The initiators of Kwaito at first only
aimed at creatively pleasing their audiences. There was
no deliberate creation of Kwaito as a genre. Producers had
a different picture of what they were trying to do. Some
called it disco fusion, others d’gong and some Guz.
It evolved like many global styles. In fact Kwaito was also
used in reference to Ghetto music and AmaKwaito as gangsters
from the ghetto. This brought and ugly side to the music.
Sex, Drugs and Alcohol found residence in the lyrical component
of kwaito songs.
The media predictably developed this art
form with regular coverage. BOP radio and T.V., Metro, Y
fm and M-Net’s Channel O promoted the music. Channel
O enhanced the evolution of Kwaito globally. In spite of
the success of this genre, record labels that were run by
whites before 1994 initially frowned upon it.

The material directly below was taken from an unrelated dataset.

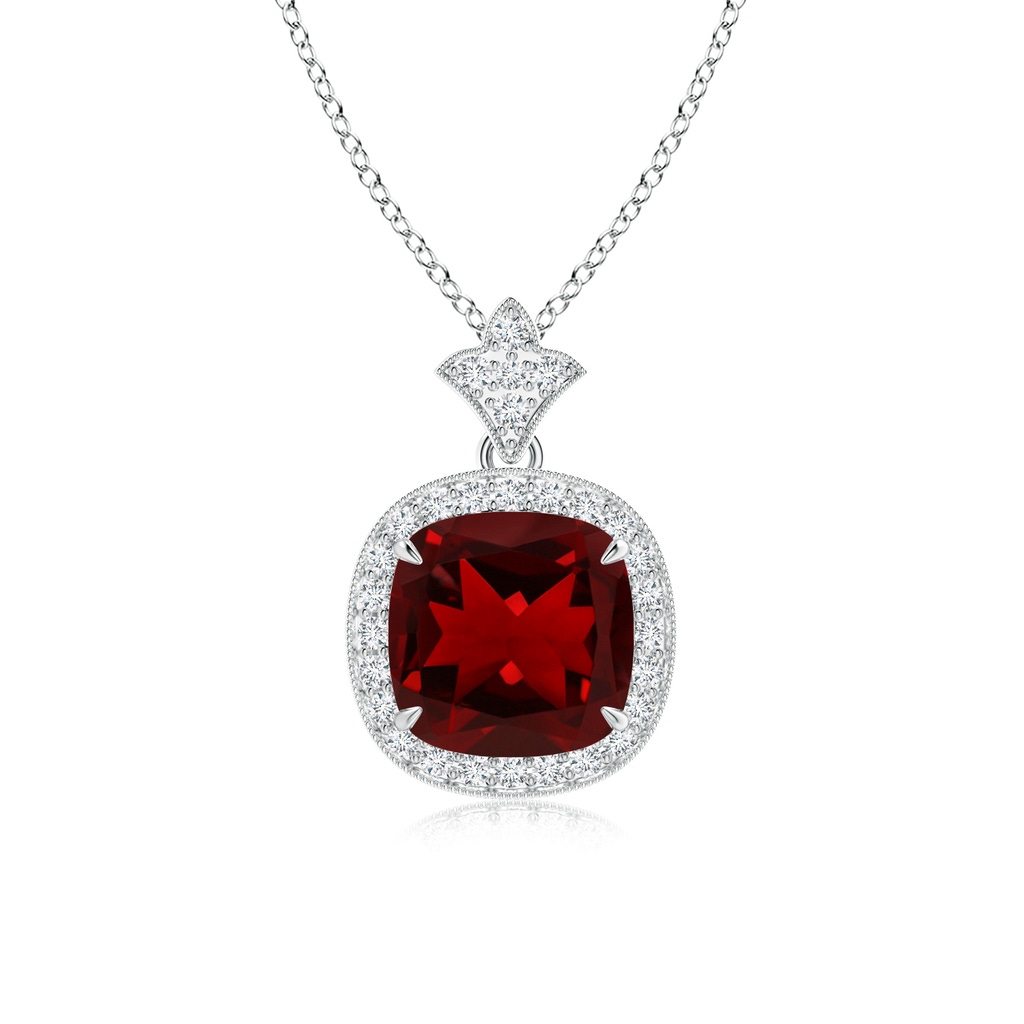 8mm AAAA Vintage Inspired Cushion Garnet Halo Pendant in White Gold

The producers went on to establish their
own independent labels. Arthur started Triple 9 records,
Christos did Wicked Sound, Mdu started Mdu Music. Don Laka
of the Trompies fame started Kalawa.These were distributors
of the genre. With time Sony, BMG and EMI joined the arena.

Kwaito producer Don Laka
Kwaito’s basic structure is mid tempo
house beats, a vibrating bass line, a recognizable hook
or chant with animation (exclamation), occasional samples
of popular records, pop videos with skimpily dressed ladies
and fast cars, bars and crowded streets. High-energy performances
are the routine as Kwaito stars work the crowds.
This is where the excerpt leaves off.